Requirement
Beginning with the line that holds "El tiempo en" and ending with the last line below, repeat each line exactly, leaving any pictures out.

Data section
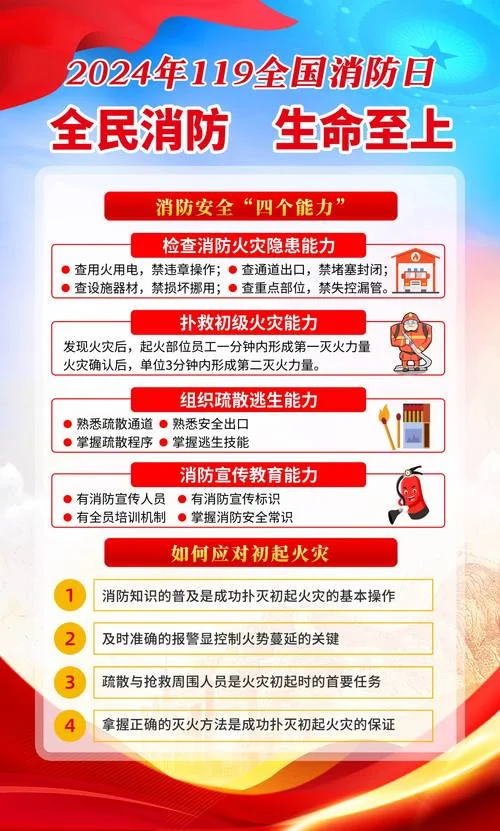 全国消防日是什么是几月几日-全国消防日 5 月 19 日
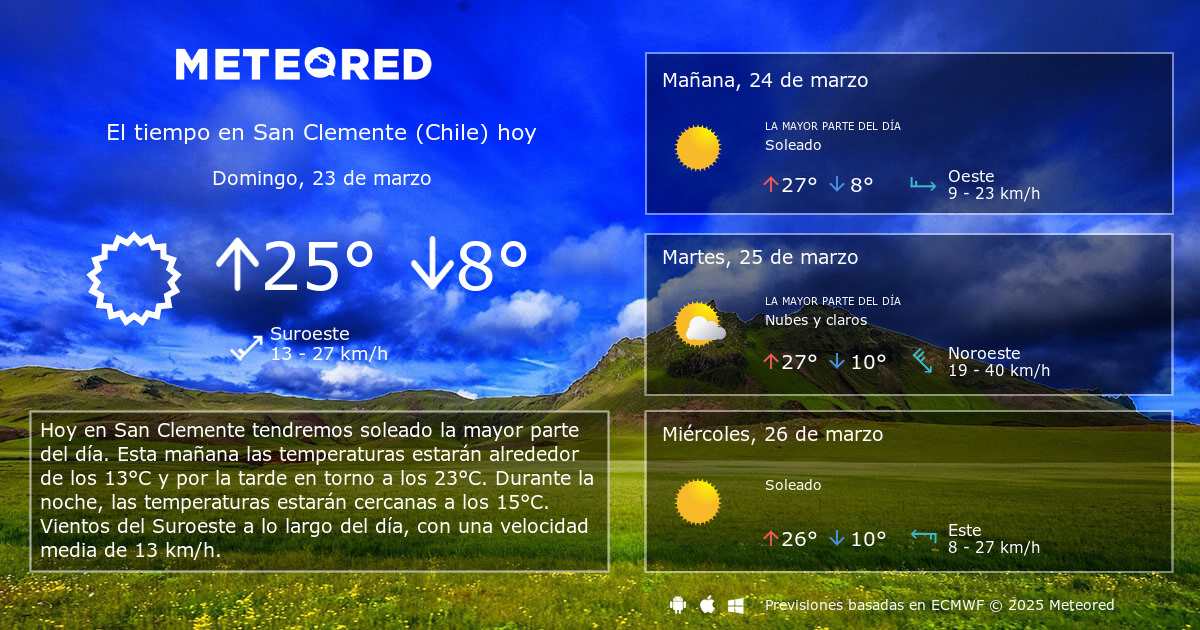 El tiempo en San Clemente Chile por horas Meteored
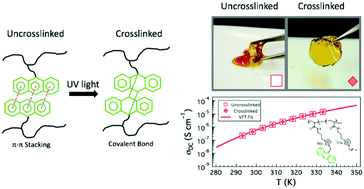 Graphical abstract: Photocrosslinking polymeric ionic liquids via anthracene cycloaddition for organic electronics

The answer
 El tiempo en San Clemente Chile por horas Meteored
 Graphical abstract: Photocrosslinking polymeric ionic liquids via anthracene cycloaddition for organic electronics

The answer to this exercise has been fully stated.